*TASK TO COMPLETE*
Output every line below exactly, please, omitting pictures.

--- MATERIAL PROVIDED Enclosed Below ---

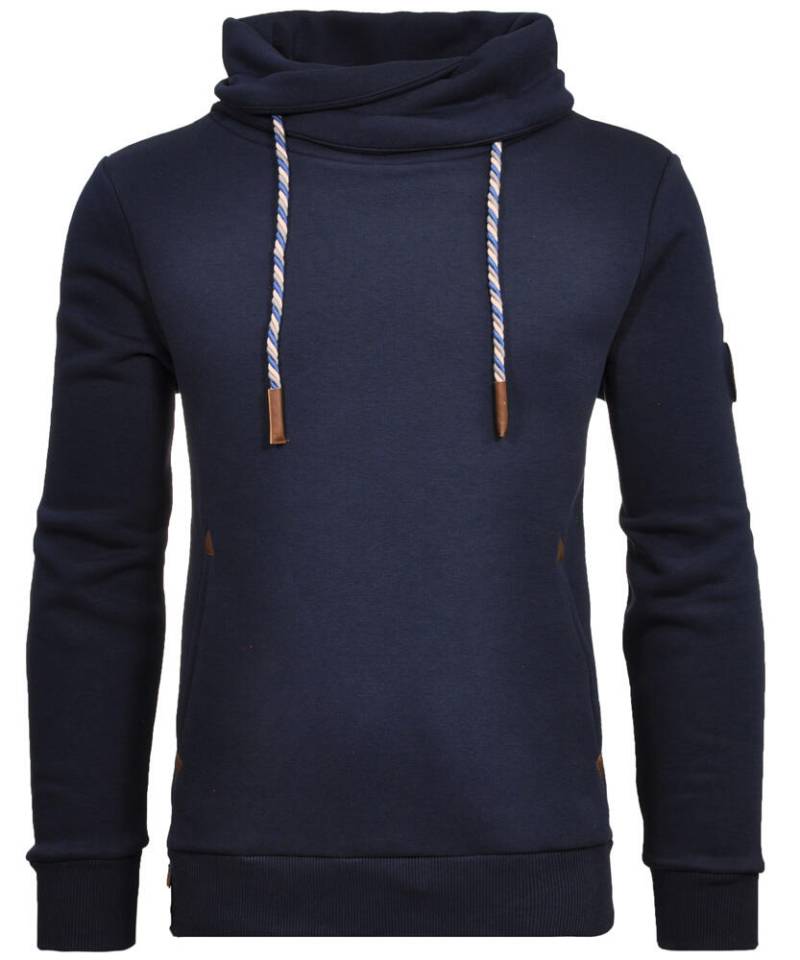 RAGMAN - Maseltov Sweatshirt dunkelblau - Gr. - L von RAGMAN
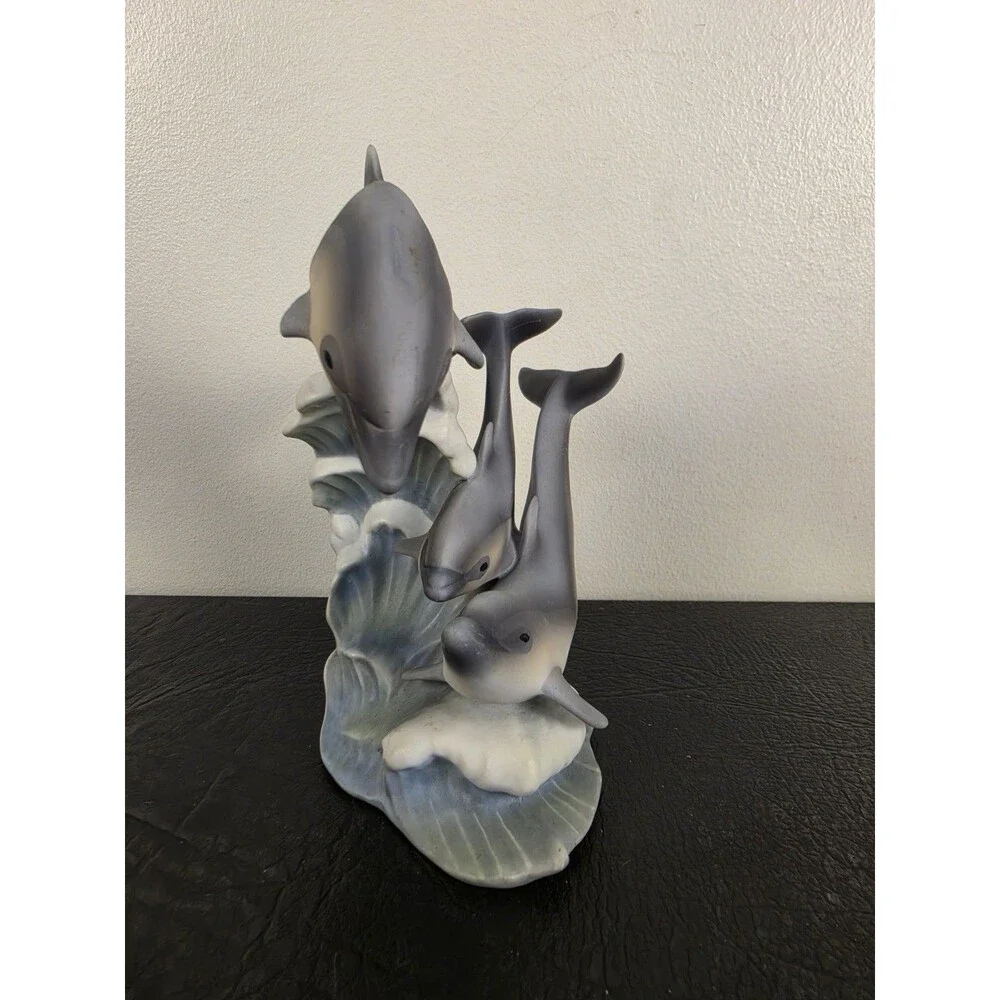 Homco Endangered Species collection. Dolphins. Masterpiece Porcelain. 1994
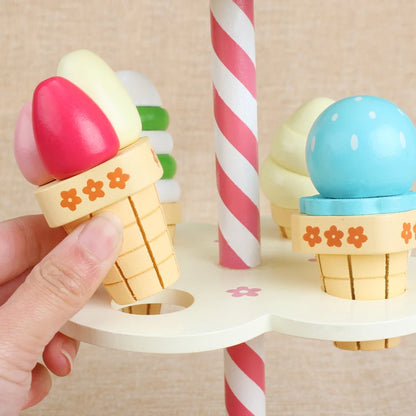 Kids Wooden Food Play Set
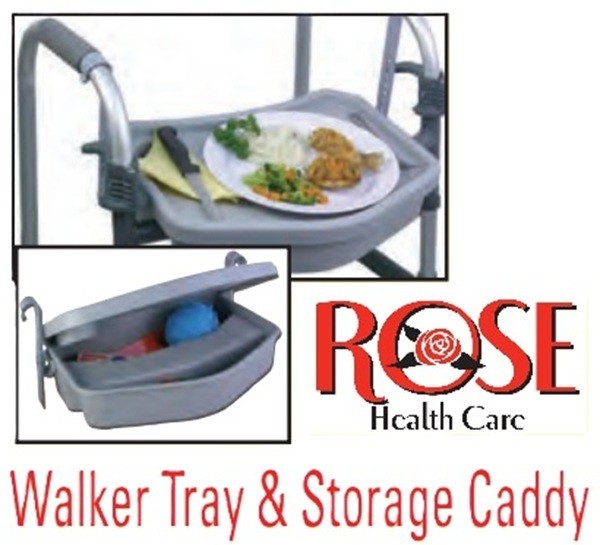 Walker Caddy, Walker Tray with Storage Caddy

--- End of Enclosed MATERIAL PROVIDED ---

*SOLUTION FOR THIS EXERCISE*
 RAGMAN - Maseltov Sweatshirt dunkelblau - Gr. - L von RAGMAN
 Homco Endangered Species collection. Dolphins. Masterpiece Porcelain. 1994
 Kids Wooden Food Play Set
 Walker Caddy, Walker Tray with Storage Caddy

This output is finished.